George Galloway for London mayor? Labour shouldn’t dismiss it as a joke

It's worth saying from the outset that George Galloway has zero chance of actually being elected as mayor of London. He has only just been booted out of his parliamentary seat and the last time he stood in London he came a poor third behind both the Labour and Tory candidates.

He is a shameful opportunist with very little obvious support outside of a small area of East London. In order for him to be elected it would take a collective act of mass hysteria not seen since the Great Fire of London. It is simply not going to happen.

However, it would be wrong to dismiss him entirely as a joke candidate.
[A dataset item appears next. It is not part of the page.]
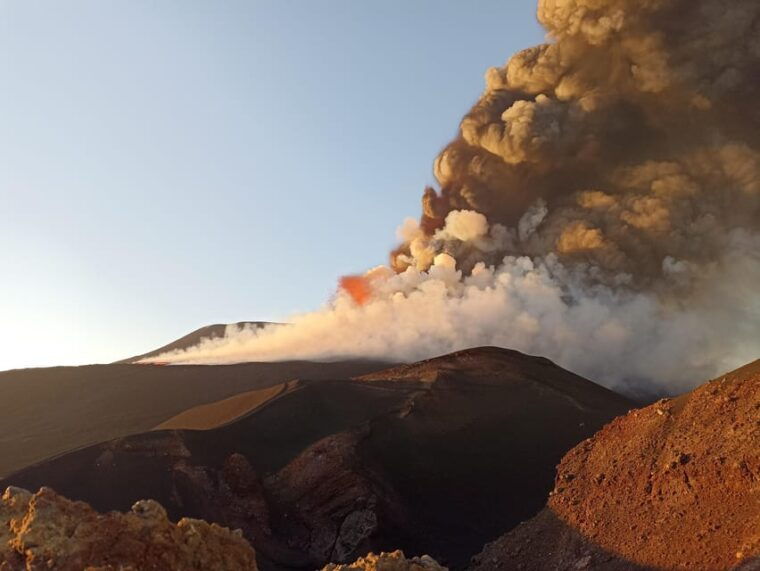 etna-excursion-to-the-summit-craters-3345m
Galloway for all his many weaknesses, remains a skilled campaigner. His surprise victory in Bradford West shocked everyone but Galloway himself.

More importantly the London mayoralty has always been a personality contest and although Galloway's personality is not to everyone's taste, he remains a skilled orator and a big name. In a low-key battle between two relatively unknown Tory and Labour candidates, Galloway could still cause an upset. One thing is for certain, if Galloway runs he will get lots of attention from the press and wider media. This won't be enough to win but it could be enough to disrupt the race.
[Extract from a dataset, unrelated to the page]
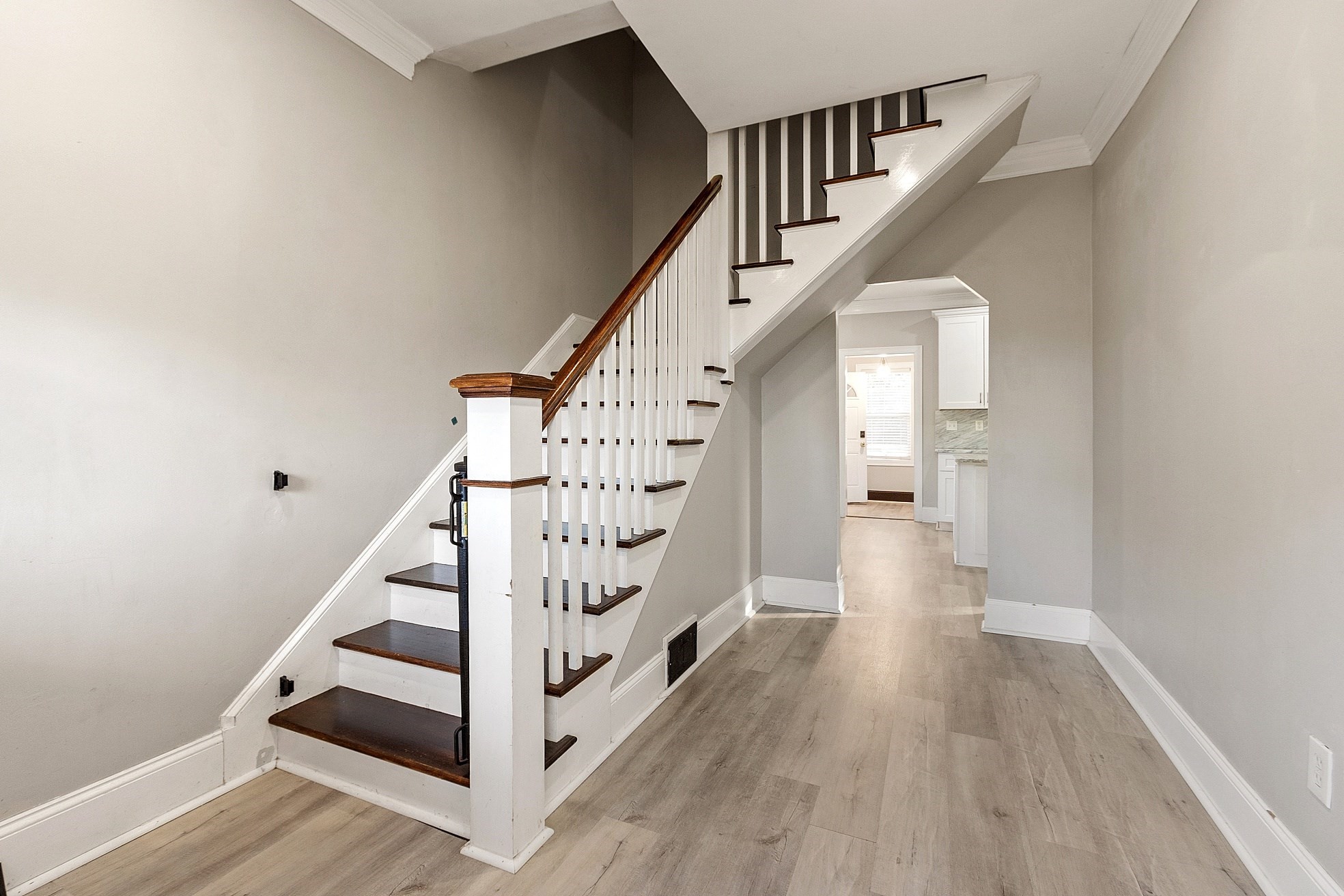 133 Harvard Avenue, Athol, MA 01331 - Image 7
Luckily for Labour, the mayoral voting system allows Londoners to give first and second preferences, so even if Galloway does take a significant number of first preferences votes from Labour supporters, it won't necessarily affect the final outcome.

However, in a close battle it could make a difference. It is also a further sign that Labour cannot be complacent about the result of next year's contest. London was the only part of the country where the party made significant gains in the general election. However, they did nowhere near as well as they had expected. Despite their success in local and general elections in London, they have a terrible record of winning mayoral elections. Out of the four held so far, they have won just one. Boris Johnson's departure and the shortage of any obvious Tory successors, means Labour are currently the firm favourites to take City Hall next year, but that could all change very quickly.

As we have seen in Scotland, voters no longer have the same tribal attachment to Labour that they once did. If a more appealing left-wing party led by a more charismatic politician comes forward, Labour's support can quickly drain away.

While a similar collapse seems highly unlikely to happen at the hands of Galloway, his decision to stand is just the latest reminder that Labour should take their voters for granted at their peril.